My rule is, if the last beer in the keg was the best one - you started drinking it too soon.
Mark

spellow
Hi Mark,
so what is your take on mashing.....
would you mash it or just steep it??
 
Mash it for sure!
most of the colour/flavour is in the husks unlike black/roast malt where its in the corn (see Carafa special - no husk lots of colour and flavour) so I think that steeping to extract the flavours you want will inevitably give the problematic ones too, so just steeping doesn't fix the problem, but you do give up all the potential extract you payed for to no benefit.
I think I would be hard pressed to design anything English and dark without one or both of them appearing

To minimise the harsher flavours: -
Acidify and add Ca to your sparge water
Lean more toward Cl than SO4 (Personally I use buffered Ca Lactate)
Sparge a bit cooler - don't go over 78oC ever
Longer boil to reduce polyphenols 90 minutes minimum
Longer maturity lower carbonation
One of the very few types of beers where I would think of skimming some of the early krausen (full of chunky phenols)
Mark
 
MHB said:
The definition of a "Base Malt" is that it has enough enzyme power to convert itself (at a minimum).
The darkest base malt is probably Munich 2 (dark Munich), any darker and the heat used to kiln the malt drying it and developing the colour kills off the enzymes.

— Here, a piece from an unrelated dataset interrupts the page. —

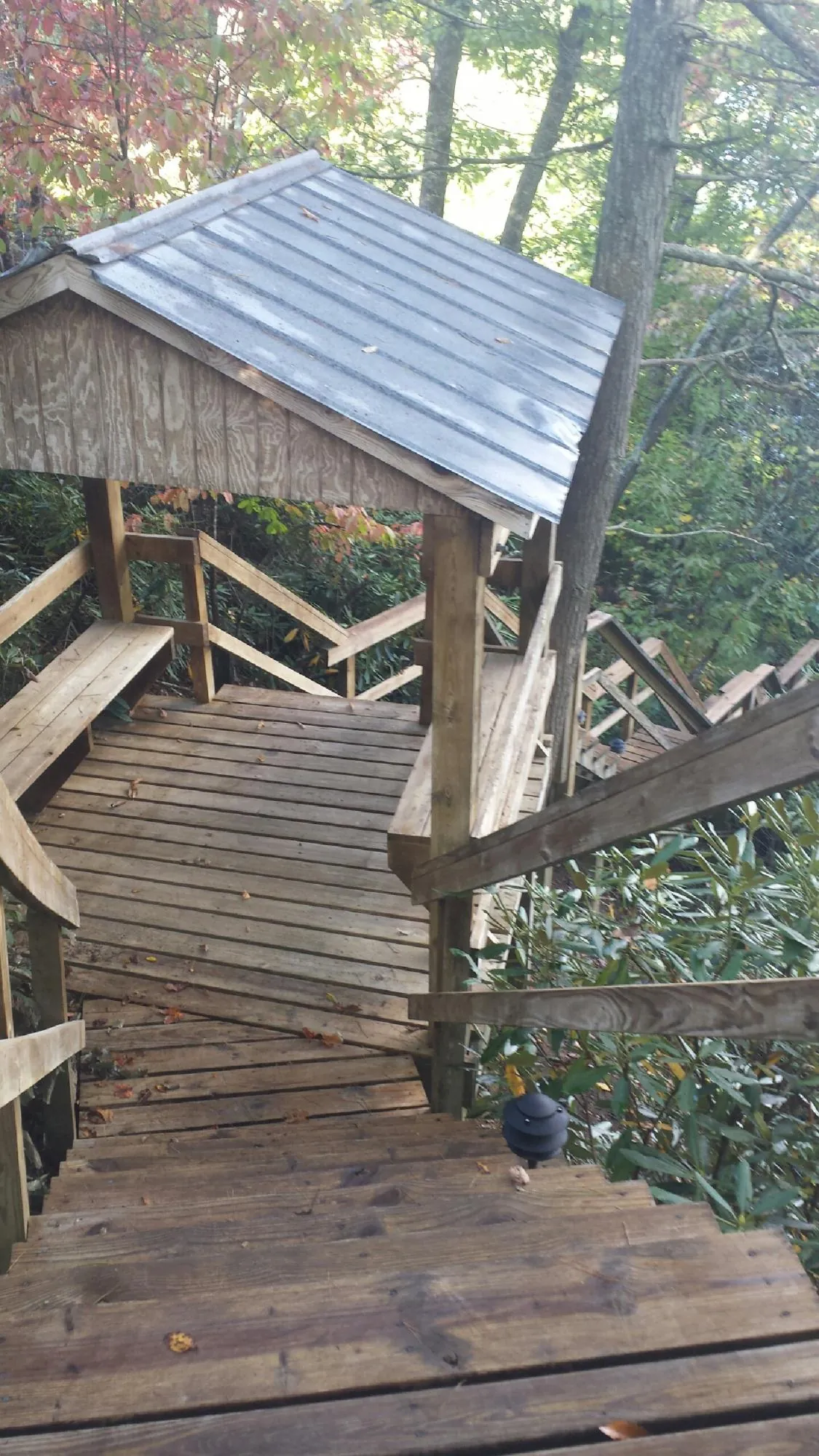 Metal roofed shelter over wooden steps on a wooded walkway — Skylight Repair & Installation work by our crew in Commerce Township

There is no substitute for the toasty biscuity flavours that you get from Amber and Brown malt, trade off is that they do take time to mellow, but as a rule darker beer all improve more with time than do lighter beers - personally I would think 6 weeks+ to be a minimum.

My rule is, if the last beer in the keg was the best one - you started drinking it too soon.
Mark

spellow
Wasn't porter originally made from 100% brown malt before pale malt existed? It (historically anyway) had to have sufficient diastatic power to covert, albeit not as efficiently as a pale malt base.
 
Yes and no
Yes it was a brown malt but it wasn't the same as what we now call brown malt. In the old version most of the colour came from the mal being dried on a wooden floor with wood (and later coal) fired heat, a lot of the browning was reportedly from condensed smoke. I imagine the beer was very smoky flavoured, as well a full of Lacto, Bret, wild yeast...
Times have changed
Mark
 
I made a British IPA last year with 3% Amber, which was 6%alc. Initially thought it was a complete failure, really harsh as you've described.
But after 3+ months in the keg, those flavours really settled and actually it reminded me a lot of Fullers 1845.
Also use Brown malt regularly, and patience is required... Worth the wait I reckon.